King Charles III formally crowned in London's Westminster Abbey
Britain’s new monarch King Charles III and his wife Queen Camilla are crowned on Saturday at Westminster Abbey in a religious ceremony rich with ancient traditions and pageantry. Aged 74, Charles is the oldest British monarch ever to be crowned having ascended to the throne upon the death of his mother Queen Elizabeth II in September last year.
The coronation of King Charles and his wife Queen Camilla was a day of lavish celebrations filled with pomp and pageantry but at its heart was a religious ceremony that traces its origins back over 1,000 years.
Thousands of dignitaries from Britain and across the world attended the coronation service in London’s Westminster Abbey. The service was led by the head of the Anglican Communion, the Archbishop of Canterbury, Justin Welby but other church and faith leaders also attended including the head of the Catholic Church in England and Wales, Cardinal Vincent Nichols, Archbishop of Westminster, who read a prayer.
There was a powerful ecumenical moment right at the start of the coronation service when a silver processional cross containing two fragments of the True Cross gifted to King Charles by Pope Francis was carried up the aisle. The Pope sent the precious relics to the king last month as an ecumenical gesture marking the centenary of the Anglican Church in Wales.
After being presented with symbolic regalia, the culmination of the ceremony came when Charles was crowned while seated upon the ancient wooden coronation chair made in 1300. The Archbishop of Canterbury placed on the King’s head the traditional coronation crown made of solid gold and studded with gems.

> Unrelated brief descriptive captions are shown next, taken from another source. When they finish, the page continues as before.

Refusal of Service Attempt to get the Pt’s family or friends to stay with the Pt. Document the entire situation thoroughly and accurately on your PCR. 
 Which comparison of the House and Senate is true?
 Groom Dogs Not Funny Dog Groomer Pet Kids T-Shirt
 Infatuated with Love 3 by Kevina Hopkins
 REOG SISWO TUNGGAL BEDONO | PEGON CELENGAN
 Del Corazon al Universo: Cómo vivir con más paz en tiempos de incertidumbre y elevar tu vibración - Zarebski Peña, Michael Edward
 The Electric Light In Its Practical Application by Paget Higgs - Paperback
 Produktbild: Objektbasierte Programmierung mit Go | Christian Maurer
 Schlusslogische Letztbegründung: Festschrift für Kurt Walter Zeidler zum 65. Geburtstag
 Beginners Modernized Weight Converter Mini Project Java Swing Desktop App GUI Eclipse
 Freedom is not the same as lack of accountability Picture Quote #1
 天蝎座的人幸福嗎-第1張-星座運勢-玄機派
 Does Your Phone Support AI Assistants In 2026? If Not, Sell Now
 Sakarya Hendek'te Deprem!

The crowning was preceded by most sacred part of the coronation ritual where the King was anointed by Archbishop Welby. The oil for the coronation came from olives produced from two groves on the Mount of Olives in Jerusalem and was consecrated at the Church of the Holy Sepulchre there.
The day’s formal celebrations began with a lavish procession across central London from Buckingham Palace to Westminster Abbey with the King and Queen travelling in a modern horse-drawn carriage. Tens of thousands of people ignored the rain here and lined the processional route to catch a glimpse of the royal couple. At the end of the coronation service in Westminster Abbey, the newly crowned royal couple retraced the route back to the Palace, this time travelling in the Gold State Coach that was built in the 18th century.
The public festivities ended with King Charles and Queen Camilla greeting the crowds from the balcony of Buckingham Palace and watching a military fly past.